*Exercise requirements*: Your response should consist of the full data, set down exactly.

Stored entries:
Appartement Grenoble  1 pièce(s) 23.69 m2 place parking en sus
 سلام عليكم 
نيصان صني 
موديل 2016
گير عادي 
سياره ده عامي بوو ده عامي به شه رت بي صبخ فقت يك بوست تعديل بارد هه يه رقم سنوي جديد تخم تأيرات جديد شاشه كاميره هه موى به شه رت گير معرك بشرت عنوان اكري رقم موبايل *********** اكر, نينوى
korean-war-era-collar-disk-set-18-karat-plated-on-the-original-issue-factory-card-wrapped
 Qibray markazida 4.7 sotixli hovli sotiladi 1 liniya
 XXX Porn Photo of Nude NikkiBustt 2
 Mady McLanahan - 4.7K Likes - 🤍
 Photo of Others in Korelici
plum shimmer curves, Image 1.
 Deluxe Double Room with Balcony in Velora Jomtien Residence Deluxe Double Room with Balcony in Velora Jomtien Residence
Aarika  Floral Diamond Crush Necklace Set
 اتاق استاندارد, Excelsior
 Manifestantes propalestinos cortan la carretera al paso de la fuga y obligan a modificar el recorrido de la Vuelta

*Solution for this problem*:
Appartement Grenoble  1 pièce(s) 23.69 m2 place parking en sus
 سلام عليكم 
نيصان صني 
موديل 2016
گير عادي 
سياره ده عامي بوو ده عامي به شه رت بي صبخ فقت يك بوست تعديل بارد هه يه رقم سنوي جديد تخم تأيرات جديد شاشه كاميره هه موى به شه رت گير معرك بشرت عنوان اكري رقم موبايل *********** اكر, نينوى
korean-war-era-collar-disk-set-18-karat-plated-on-the-original-issue-factory-card-wrapped
 Qibray markazida 4.7 sotixli hovli sotiladi 1 liniya
 XXX Porn Photo of Nude NikkiBustt 2
 Mady McLanahan - 4.7K Likes - 🤍
 Photo of Others in Korelici
plum shimmer curves, Image 1.
 Deluxe Double Room with Balcony in Velora Jomtien Residence Deluxe Double Room with Balcony in Velora Jomtien Residence
Aarika  Floral Diamond Crush Necklace Set
 اتاق استاندارد, Excelsior
 Manifestantes propalestinos cortan la carretera al paso de la fuga y obligan a modificar el recorrido de la Vuelta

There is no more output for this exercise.